First Nation and British Columbia to share gold mine tax revenue
The government of the Canadian province of British Columbia and the Nisga’a Nation signed an agreement today that ensures that the latter receives a share of the mineral tax revenue collected from the Brucejack Gold Mine.
The project, owned and operated by Pretium Resources (NYSE:PVG), is an underground mine that has been operational since April 2017. It is located 65 kilometres north of the town of Stewart on a land package of more than 122,000 hectares. Back in March, the mine reached record production of 32,910 ounces, while overall output for the first quarter of 2018 was 75,689 ounces.
Based on these results, the B.C. government believes that the revenue-sharing agreement has the potential to generate more than $8 million annually for the Nisga’a Nation.
The Indigenous group has also in place a cooperation and benefits agreement with Pretium. The deal, which dates back to 2015, sets the rules for collaboration in issues regarding permitting processes.
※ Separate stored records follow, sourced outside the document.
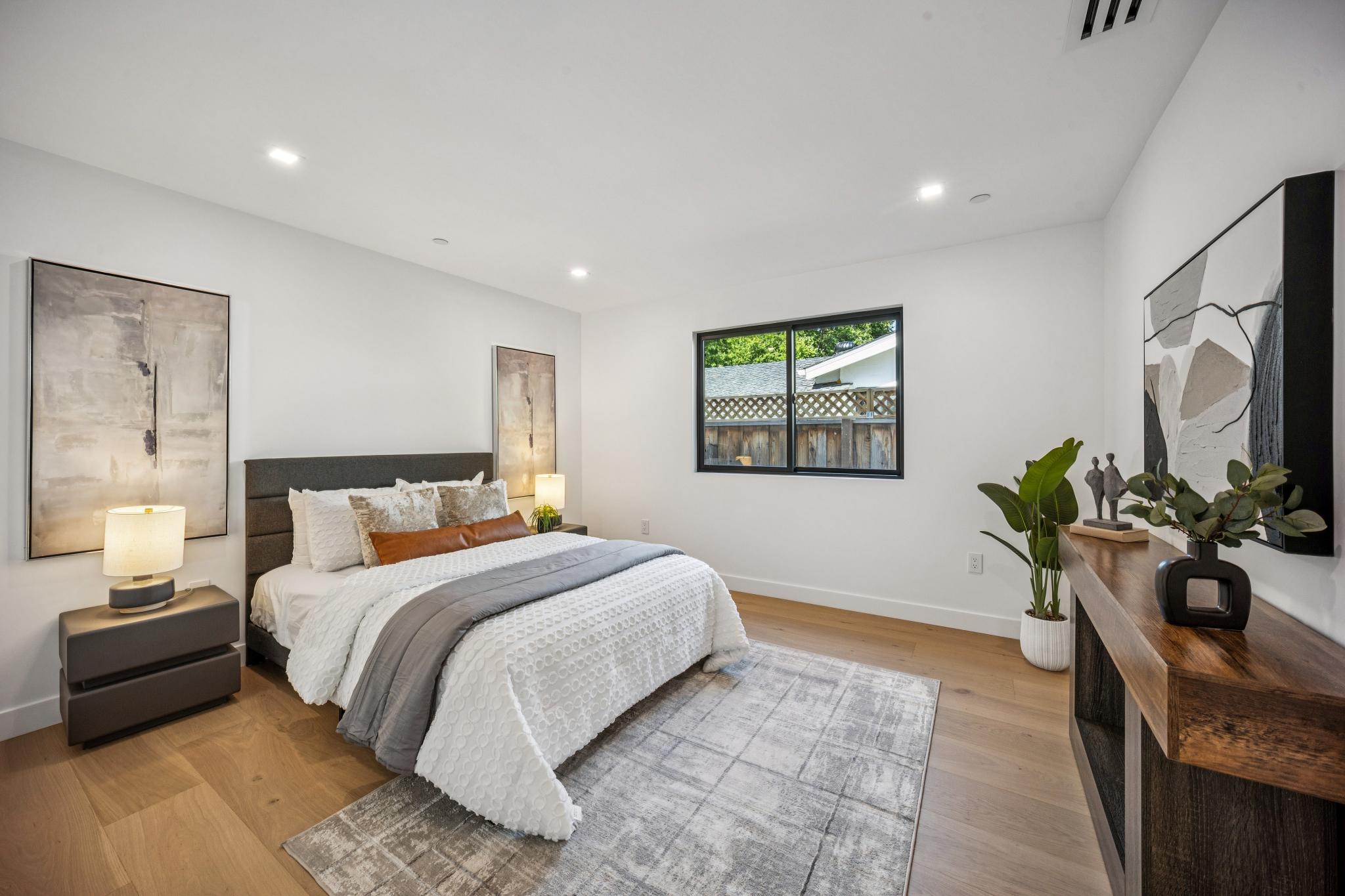 Sophisticated custom bedroom interior in San Jose, displaying a textured upholstered bed, premium wide-plank hardwood floors, and a modern black-framed window overlooking the property by Ritz Builders.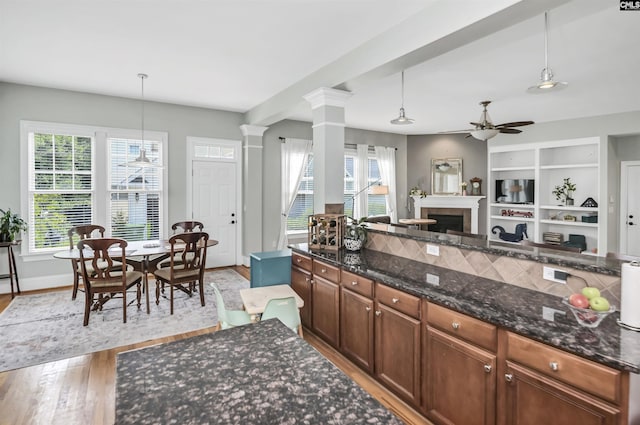 128 Van Der Horst Dr, Columbia, SC 29229 - kitchen featuring a ceiling fan, light wood-style flooring, ornate columns, a fireplace, and pendant lighting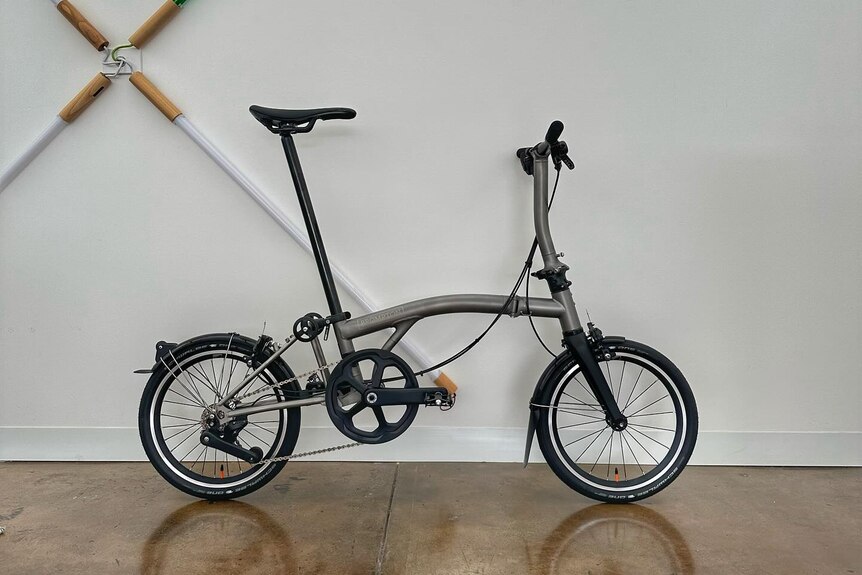 A silver Brompton bicycle stands against a white wall.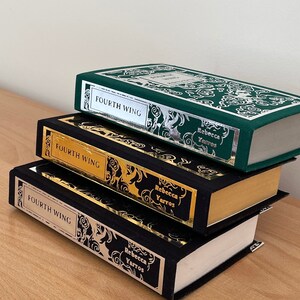 Op de afbeelding: Drie hardcover boeken gestapeld op elkaar. Het bovenste boek is groen met zilveren letters en de woorden "Fourth Wing" op de rug. Het middelste boek is zwart met gouden letters en de woorden "Fourth Wing" op de rug. Het onderste boek is zwart met zilveren letters en de woorden "Fourth Wing" op de rug. Alle drie boeken hebben de naam van de auteur, "Rebecca Yarros", op de rug gedrukt.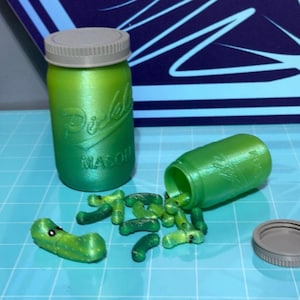 Op de afbeelding: Een groene glazen pot met een grijs deksel, met het label "Pickle Mason", laat groene, komkommerachtige voorwerpen eruit vallen.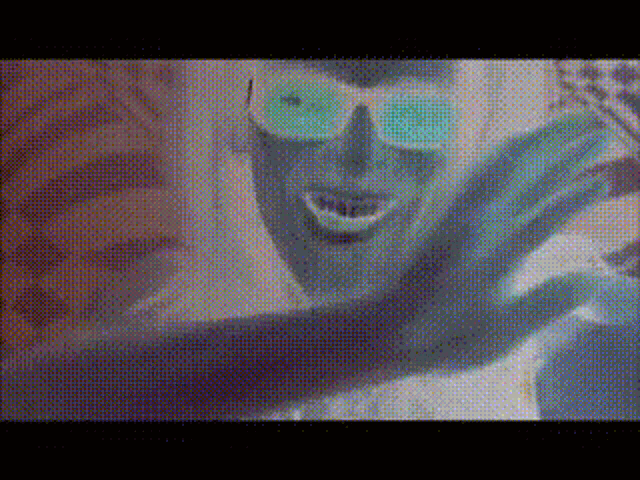 a close up of a person wearing sunglasses and a mask .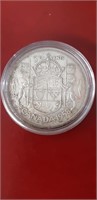 1958 Canadian Silver Half Dollar & protective case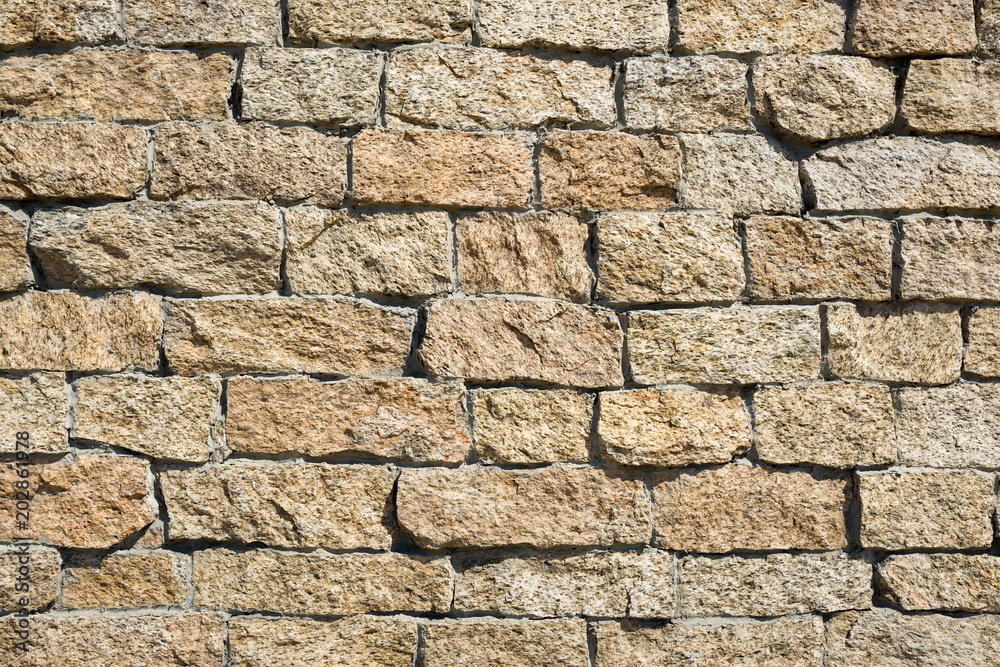 Wall made of crushed stone in the sunlight 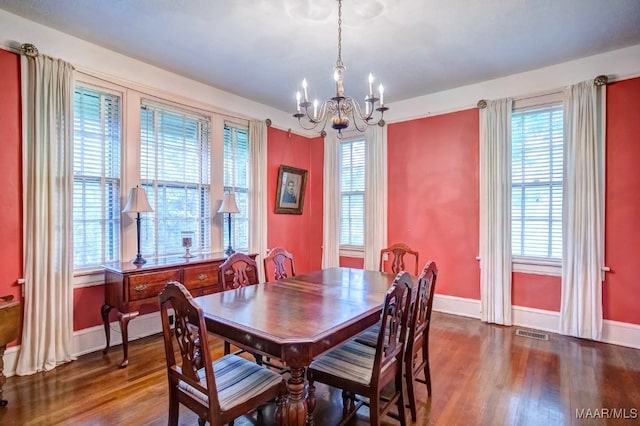 dining area with dark hardwood / wood-style flooring and a chandelier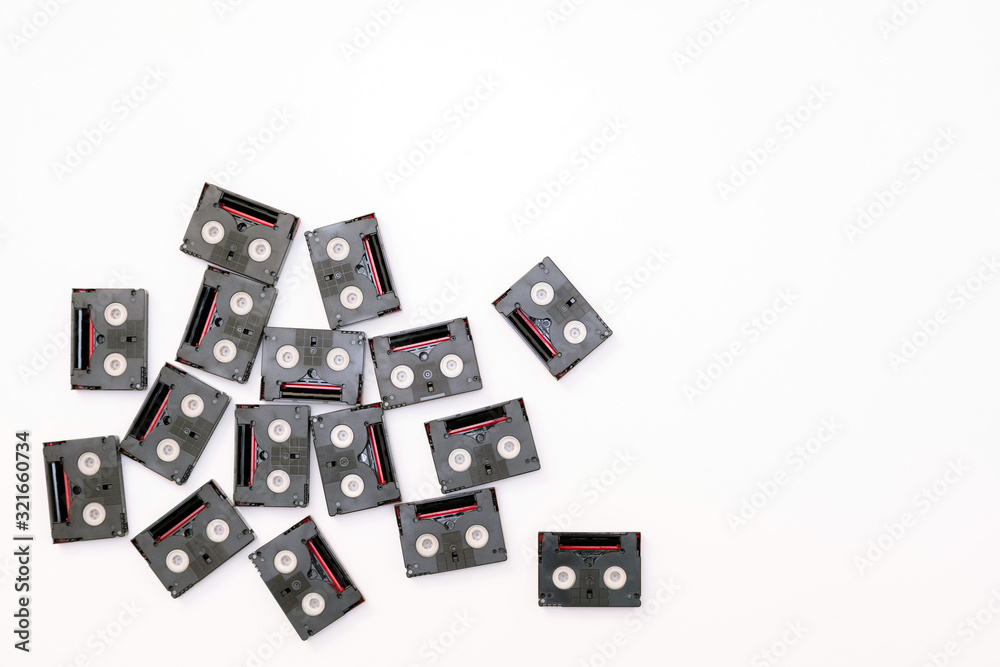 Vintage mini DV cassette tapes used for filming back in a day. Random pattern made of plastic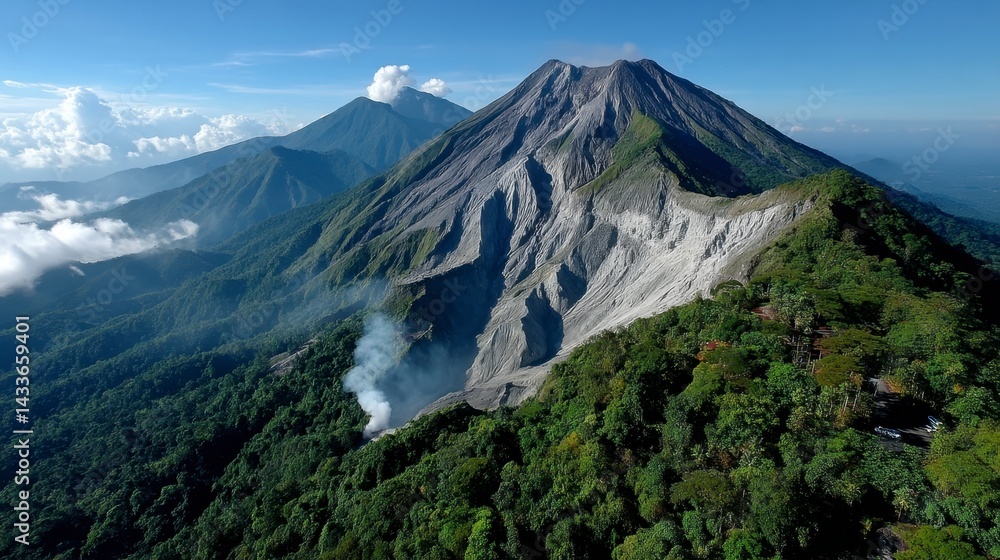 Naklejka premium Volcanic landscape with lush green slopes and a rocky summit under a bright sky. A hint of smoke rises from the crater.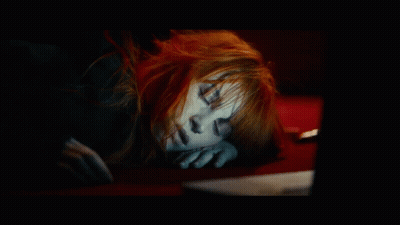 A Woman With Red Hair Is Sleeping On A Red Couch GIF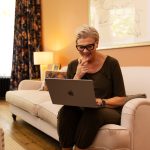 Woman on sofa on laptop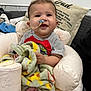 baby, infant, nasal_tube, blanket, smile, face, child, indoor, cushion, inflatable_chair, dinosaur_pattern, clothing, feet, comfort, healthcare, happy, person, cute, toddler, seated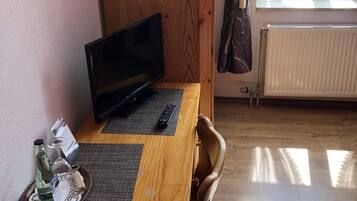 Een houten bureau met een laptop, een afstandsbediening en een glas met een fles.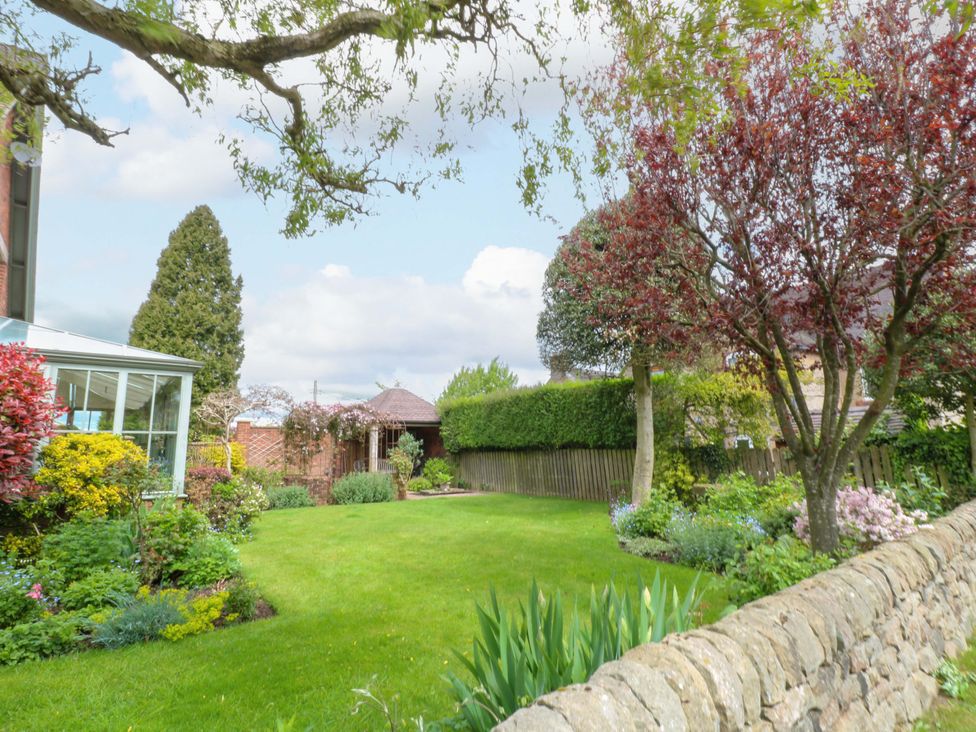 A garden with trees and a conservatory at The Garden House in Alton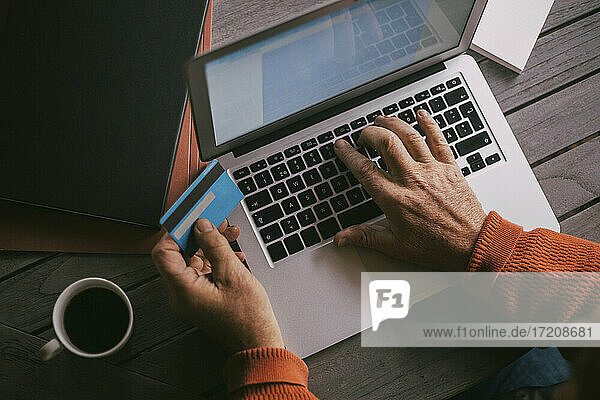 Senior Mann die Hände tun Online-Zahlung mit Kreditkarte durch Laptop zu Hause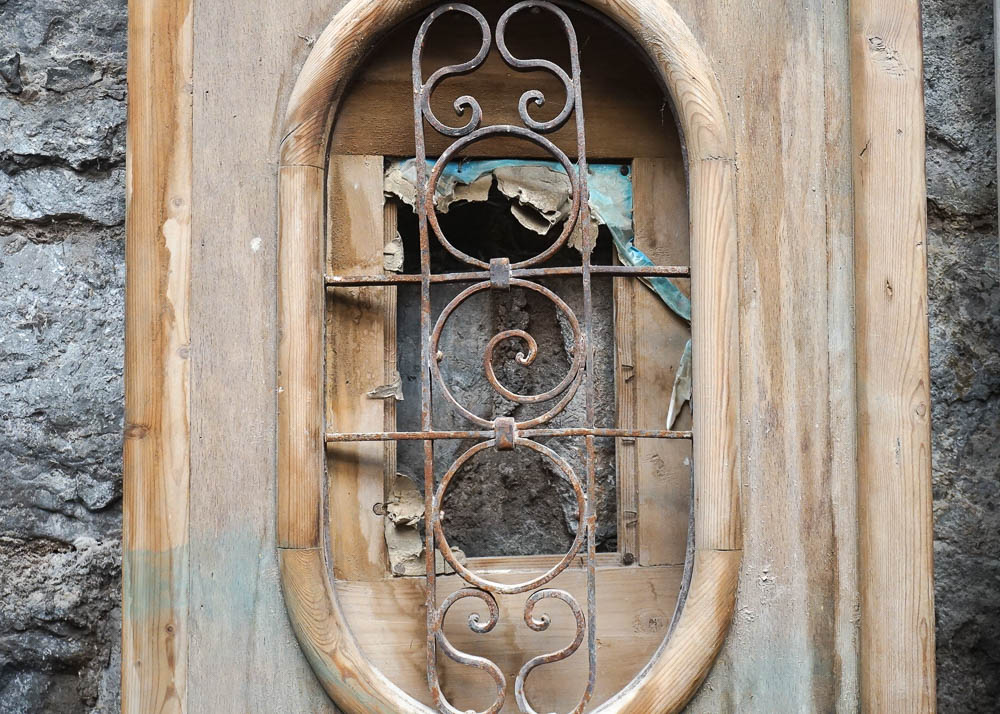 Egyptian-Style Doors With Decorative Iron Grates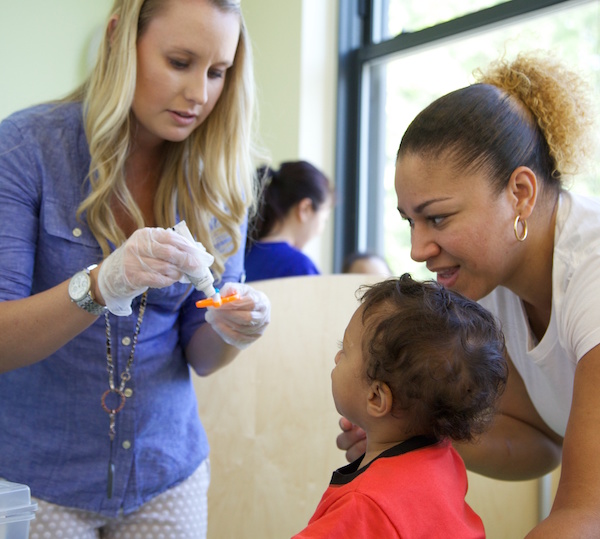 Asistente dental mostrándoles a una madre y su hijo cómo aplicar la pasta de dientes.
It also states that the Nisga’a Nation should receive financial and other benefits as project milestones are reached.
Within the terms of that initial agreement, the Vancouver-based miner also committed to providing education and training for Nisga’a citizens, setting employment targets and ensuring Nisga’a businesses have access to contracting opportunities.
“Bringing prosperity and self-reliance to the Nisga’a Nation is the first priority of Nisga’a Lisims Government,” said Eva Clayton, President of Nisga’a Lisims Government, in a media statement. “We have developed a strong working relationship with Pretium Resources Inc., and look forward to our continued collaboration on the Brucejack Gold Mine. On this historic day, the 18th anniversary of the effective date of the Nisga’a Final Agreement, we are pleased to once again affirm the Nisga’a Nation’s government-to-government relationship with British Columbia,” she added.
In the same press release, Scott Fraser, B.C. Minister of Indigenous Relations and Reconciliation, said that the agreement is a proof of his office’s commitment to a new government-to-government relationship with First Nations that, in his view, should be based on the recognition of rights, including the right to share the wealth from natural resource projects in the province.